UKRAINE:THE RIFT between Ukraine's prime minister, Yulia Tymoshenko, and its president, Viktor Yushchenko, deepened yesterday when Ms Tymoshenko's supporters physically prevented Mr Yushchenko from making his state-of-the-nation address in parliament.
Members of Ms Tymoshenko's party blocked her supposed ally from the speaker's rostrum to demand that parliament first pass a raft of anti-inflation measures and approve a new privatisation chief to speed through the sale of state assets.
"For the first time in our history we have an unprecedented case when the parliamentary majority, which bears responsibility for the work of the Ukrainian parliament, is blocking it," Mr Yushchenko said outside the assembly.
He has accused Ms Tymoshenko of fuelling inflation with popular but expensive social spending measures, while she accuses him of hampering vital privatisations and trying to undermine her popularity before a potential challenge for the presidency in 2009 or 2010.

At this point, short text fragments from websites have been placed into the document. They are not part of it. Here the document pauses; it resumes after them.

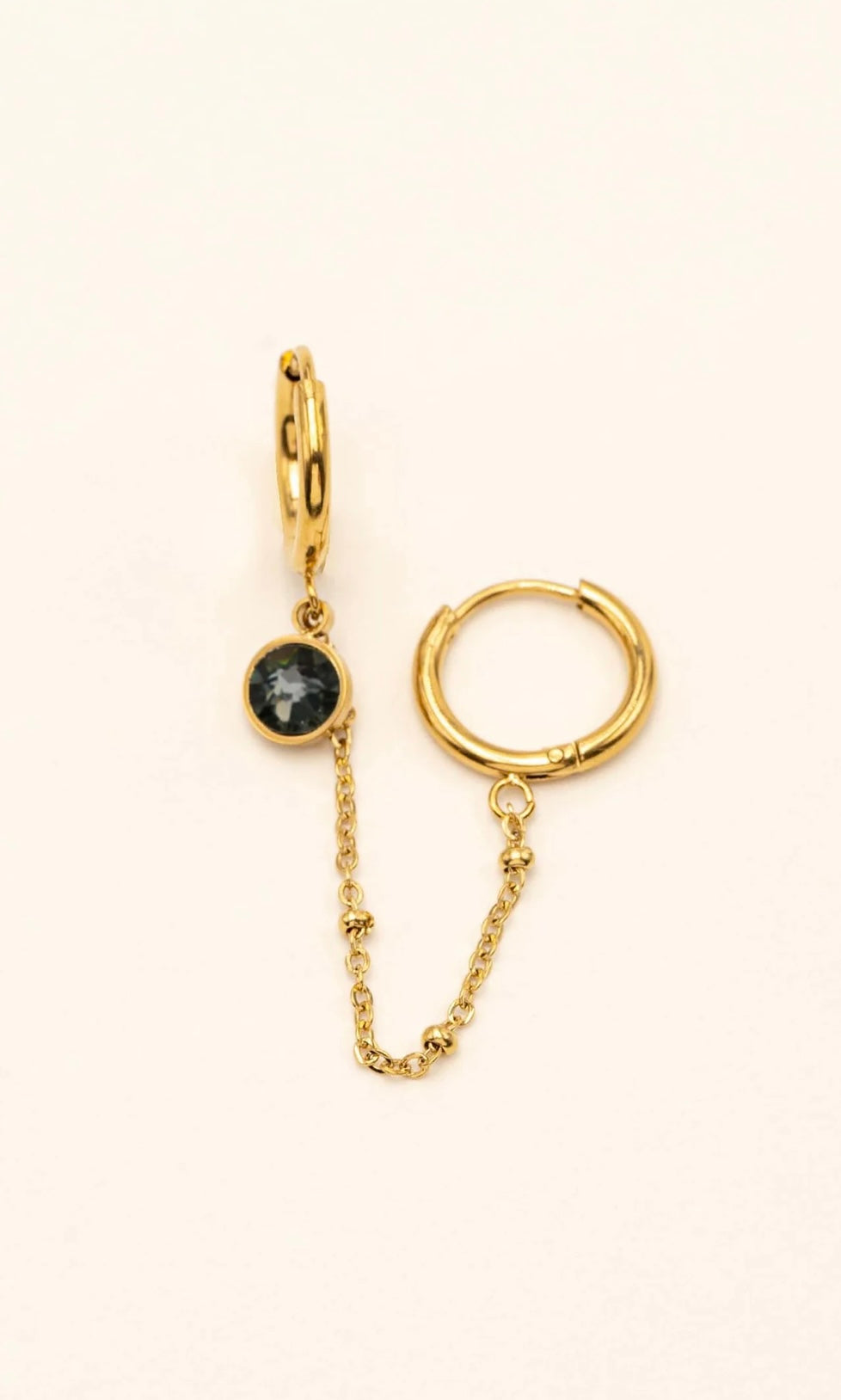 Ayla Single Earring Gold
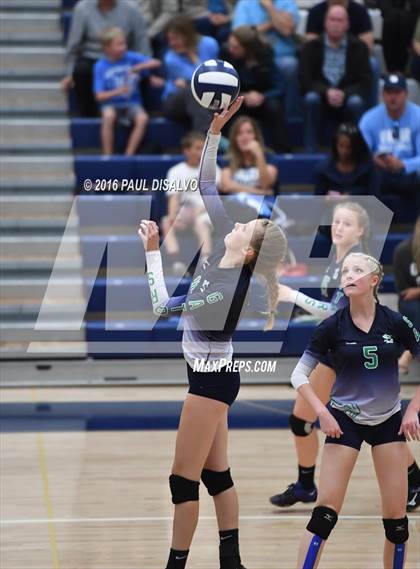 Thumbnail 3 in Standley Lake @ Valor Christian (Senior Night) photogallery.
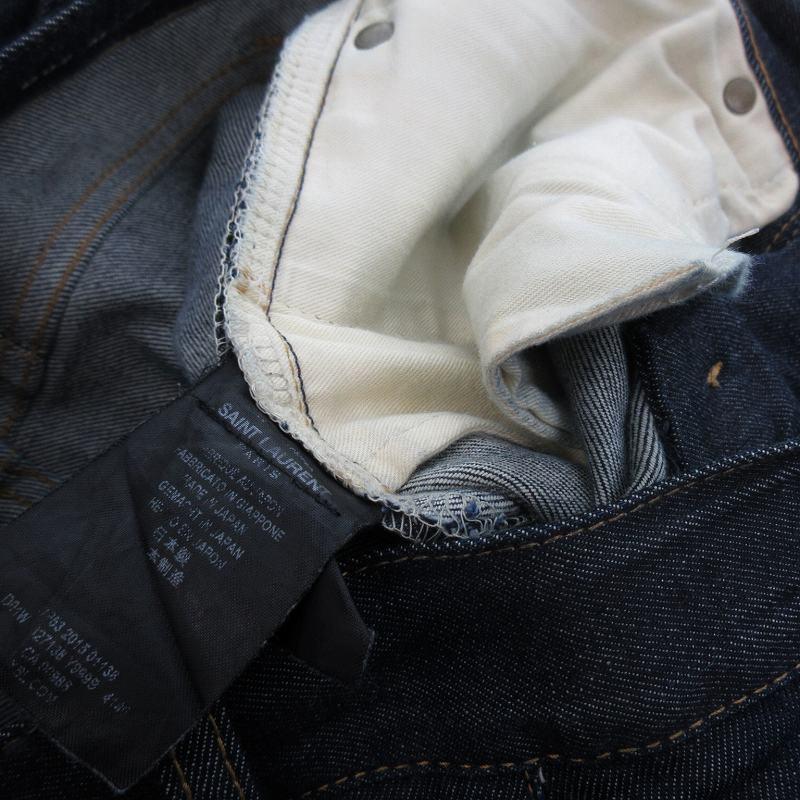 サンローラン パリ SAINT LAURENT PARIS デニムパンツ ジーンズ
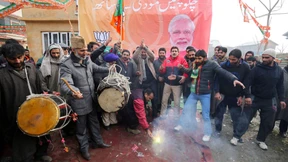 Hindu-Nationalisten gehen in die Offensive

"I call on the government and the coalition: Do not go down the path of populism and instead work on precise anti-inflationary measures," Mr Yushchenko said in an address delivered before television cameras and shown in parliament and across the country.
Allies of Ms Tymoshenko - who led the 2004 Orange Revolution with Mr Yushchenko but was sacked as prime minister the following year, only to return to the post after last year's elections - said they had no choice but to protest at the president's stance.
"We, as a ruling party in the coalition, have to do this. We do not care about the agenda, as we have to fight inflation and change officials," said Ivan Kyrylenko, parliamentary chief of Ms Tymoshenko's party.
The friction between the stolid Mr Yushchenko and the fiery Ms Tymoshenko is exacerbated by her greater popularity and the possibility that she will run against him in the next presidential election.
With the coalition government under intense strain, Mr Yushchenko also faced calls from the party of former premier Viktor Yanukovich, which has close ties with Moscow and is very strong in the Russian-speaking east of Ukraine, to call snap elections.